- WHAT YOU SHOULD DO
Wherever a picture appears in the listing below, leave it out and reproduce the rest exactly.

BEGIN

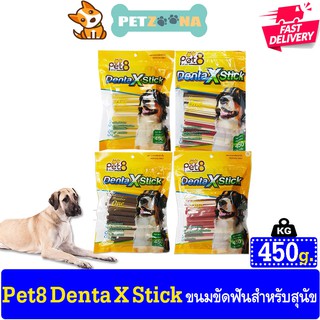PET8 Denta X Stick Flavor ขนมขัดฟันสุนัข ลดคราบหินปูน มีไฟเบอร์สูงและเสริมแคลเซียม ขนาด450g.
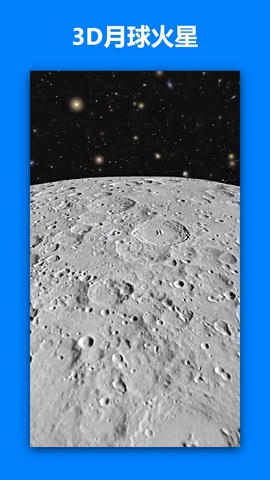 一起看地图app软件展示图2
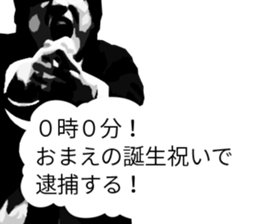 Hard-boiled detective Love sticker #11016506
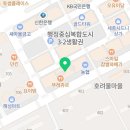 Dream of Judo 음성유도관 이미지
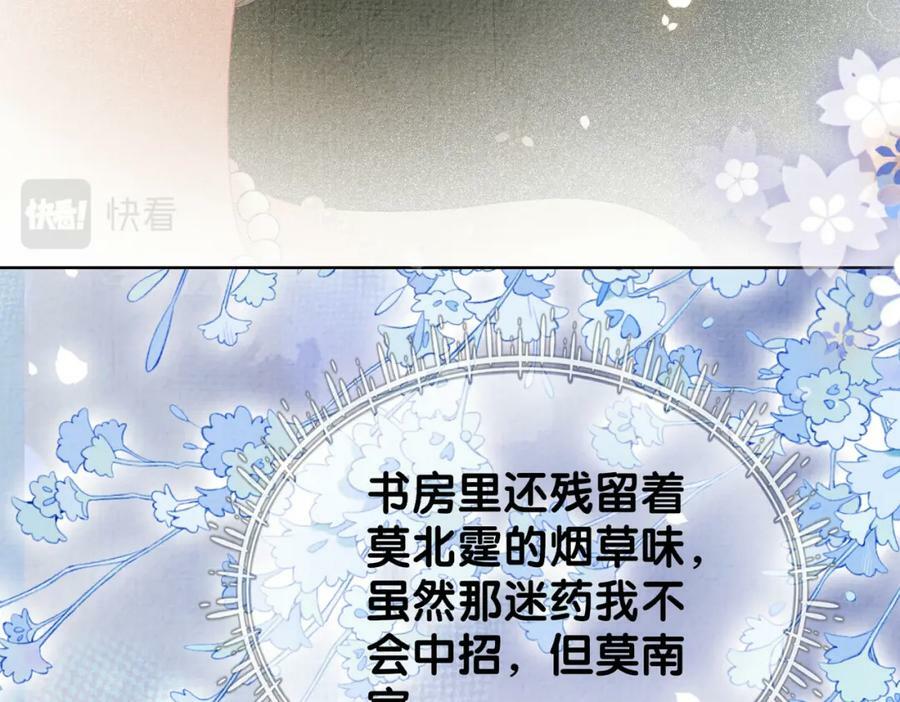 第76话 二人独处被打断106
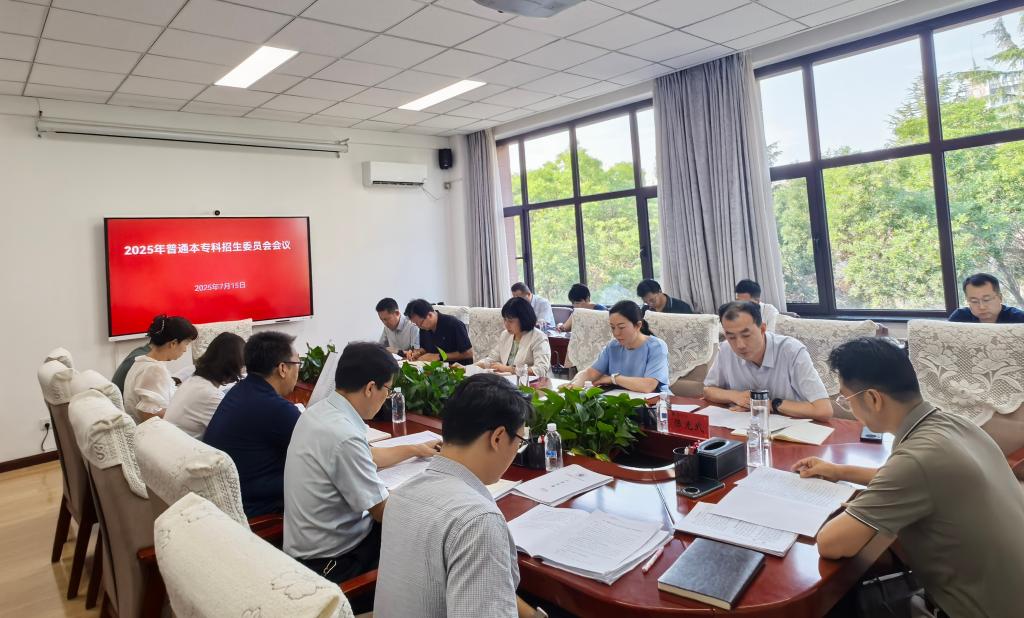 开云线上登录平台入口2025年本专科招生委员会工作会议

END

- YOUR SOLUTION
PET8 Denta X Stick Flavor ขนมขัดฟันสุนัข ลดคราบหินปูน มีไฟเบอร์สูงและเสริมแคลเซียม ขนาด450g.
 一起看地图app软件展示图2
 Hard-boiled detective Love sticker #11016506
 Dream of Judo 음성유도관 이미지
 第76话 二人独处被打断106
 开云线上登录平台入口2025年本专科招生委员会工作会议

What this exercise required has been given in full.